これらの資産をAIテナントにリースすることで、Ionicは変動の激しい暗号通貨収入を、より予測可能で契約に基づくキャッシュフローに交換している。31%の売上成長は、ほぼすべてインフラリースによるものであり、市場がこの多様化を評価していることを示している。しかし、これは疑問も提起する:これはまだ暗号通貨企業なのか、それとも不動産プレイなのか?ナスダック上場は、投資家がこれをテックインフラのハイブリッドとして扱っていることを示唆している。
このトレンドは孤立したものではない。ライバルのHut 8、Core Scientific、IRENも同様のAIパートナーシップを発表している。市場はこれに好意的に反応し、これらの株は純粋なマイニング企業をアウトパフォームしている。しかし、リスクもある:AIリース契約は長期にわたることが多いが、解約条項が含まれる場合があり、GPUイノベーションの急速な進歩により、一部のインフラが予想よりも早く陳腐化する可能性がある。
将来展望
今後、Ionicの成功は、ハイパースケーラーやAIスタートアップとの長期・高稼働率の契約を確保できるかどうかにかかっている。また、競争力を維持するために、追加の電力容量やネットワークアップグレードへの投資も必要かもしれない。投資家にとって、主要な指標はビットコイン生産量から、稼働率と平均リース利回りに移行するだろう。

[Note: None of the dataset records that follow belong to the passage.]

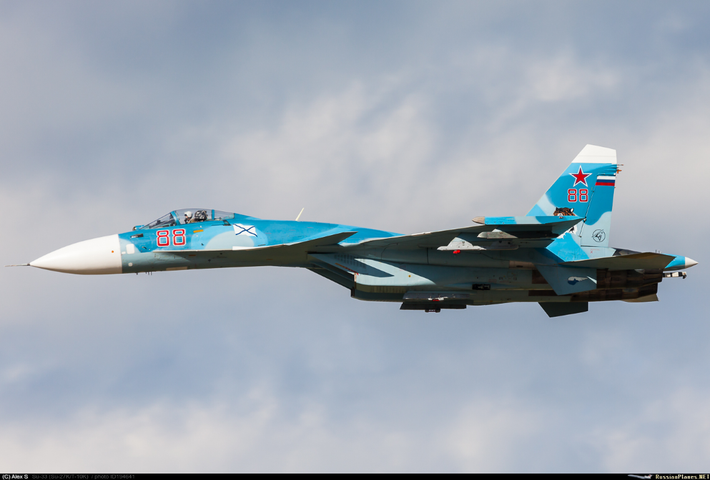Ở thời điểm hiện tại, sức mạnh của tiêm kích hạm Su-33 vẫn vượt trội so với nhiều loại chiến đấu cơ đồng hạng khác. Tuy nhiên, khi Nga không còn tàu sân bay, thì sức mạnh của Su-33 cũng là vô nghĩa.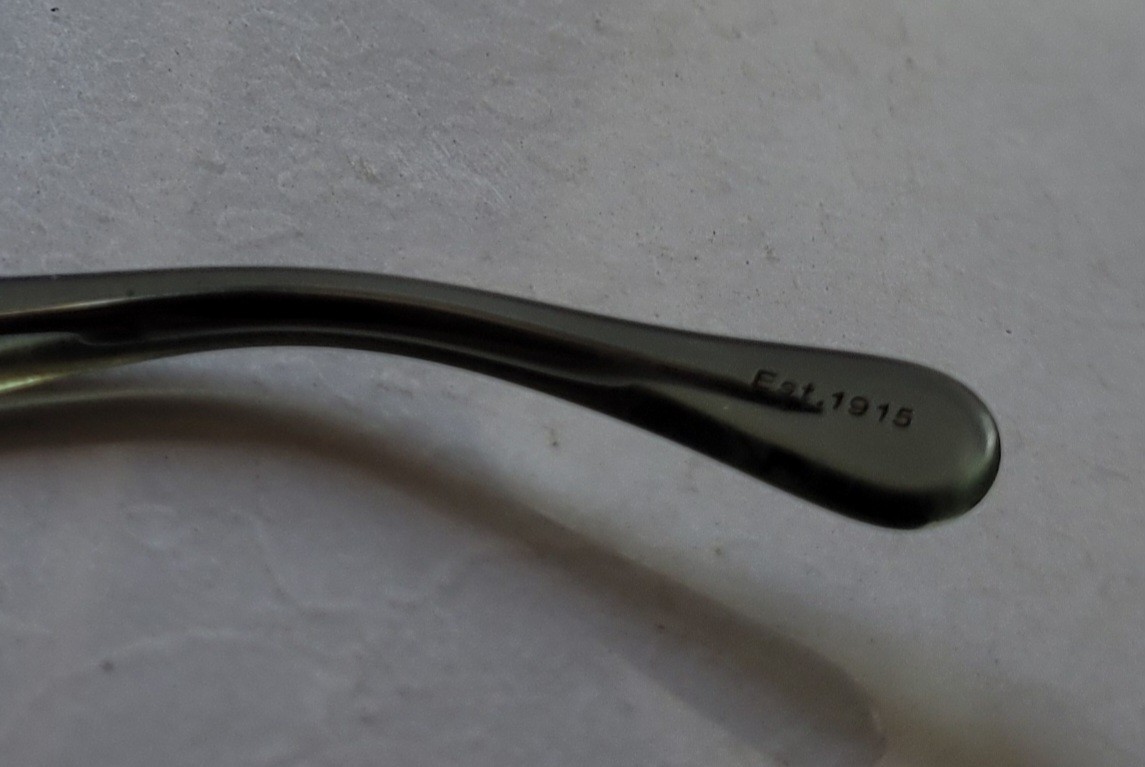 MOSCOT Sage 46 24 145 LEMTOSH Authentic From Japan - Gem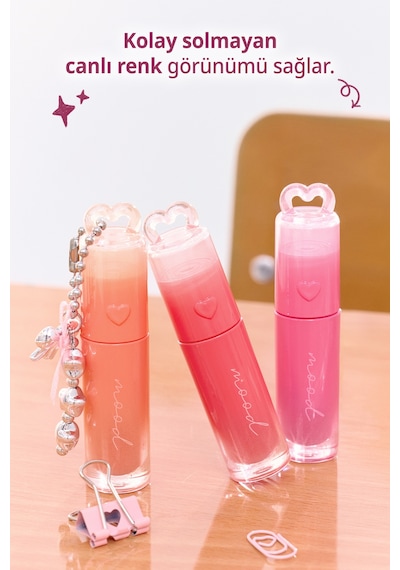 Peripera Ink Mood Glowy Tint 36 Pink Teacher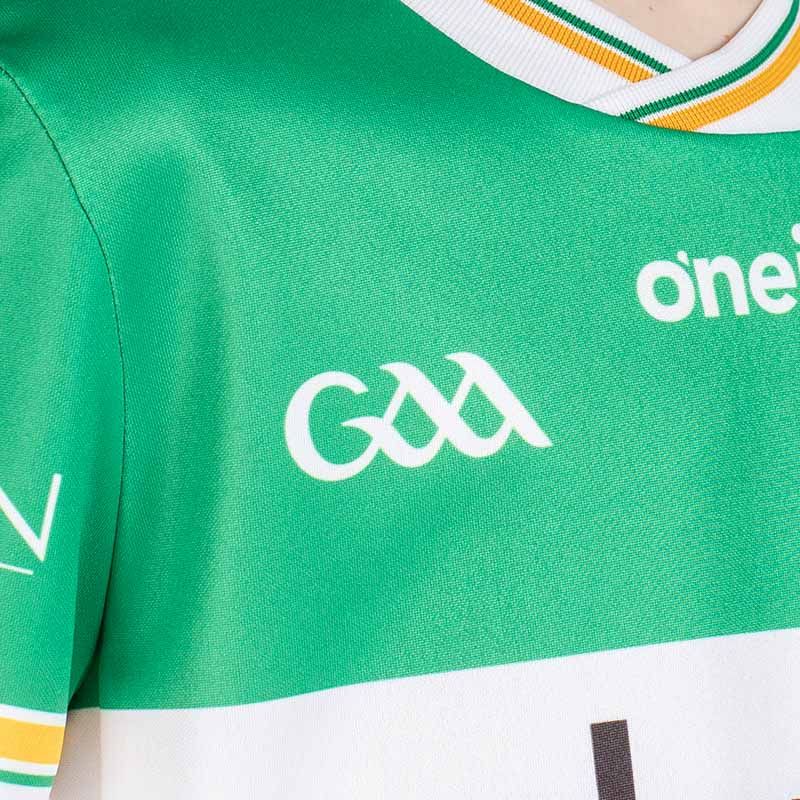 Offaly GAA Kids' Home Jersey 2024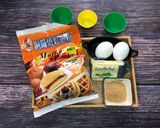 鬆餅磅蛋糕【氣炸鍋】的食譜步驟1照片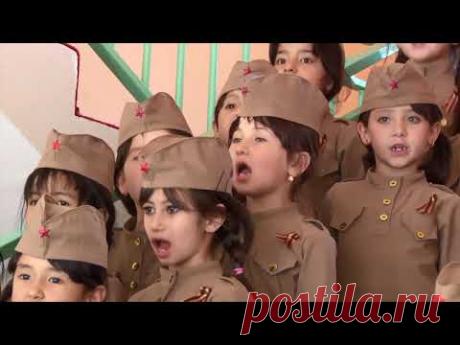 Смуглянка. Таджикские дети из детского сада №6 "Гулшан" взорвали интернет.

しかし、AIバブルが崩壊すれば、これらのマイナーは座礁資産に直面する可能性がある。逆に、AI需要が持続すれば、従来のデータセンターREITが電力アクセスを求めて暗号通貨マイナーを買収するというM&Aの波が起こるかもしれない。次の12ヶ月は、これらの企業が決算を発表し、AI関連収入のガイダンスを提供するため、重要となるだろう。
最終的に、Ionicの転換は適応性のケーススタディであり、急速に進化するデジタル資産の状況において、暗号通貨と従来のテクノロジーの境界線が曖昧になっていることを思い出させるものである。